Refer to our documentation on using SAML 2.0 for SSO for other topics related testing. Before you finalize your configuration, please verify that email contact information for the service has been provided in the registration of the service. The email contact information is critical to operations; we will notify the registered email contacts about significant changes to the UW Shibboleth Identity Provider.

To validate:Once both the Entra ID application and your software has the required information configured, you can test that it works properly.

For SAML applications, the Single sign-on page has a “Test” button. Click on it to initiate an IdP initiated authentication to your application.

For OIDC applications, there isn’t an automated way to test. You’ll need to verify basic authentication by having your software send a token request and seeing if it gets back a successful response.

Also take note of when the credential for your application expires. Set a reminder so you renew it before it expires. See Azure AD Application Credentials and Management – IT Connect (uw.edu) for more details about Azure AD application credentials.

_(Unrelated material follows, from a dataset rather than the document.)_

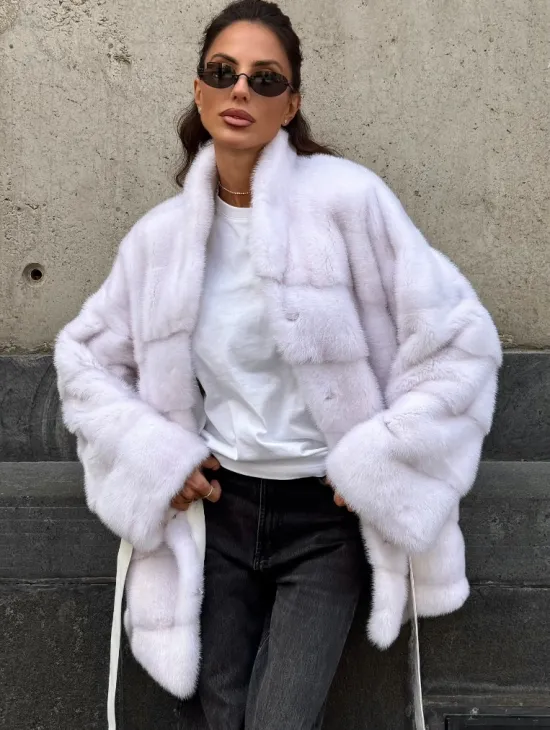 Короткая норковая шуба - цвет жемчуг - фото 6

Finally, make sure your Azure AD application has at least two owners. If there is a problem with your application, we will know who to contact. Being an owner also provides those users with access to sign in logs to your application, as well as the ability to manage the credential, configuration, user asssignment, and more.

Once your SSO integration is ready for production, we’ll close our consultation (if one was requested). If significant issues or concerns arise during the integration, we’ll summarize them and their impacts so that you and your vendor understand what improvements should be made if the vendor relationship is going to last.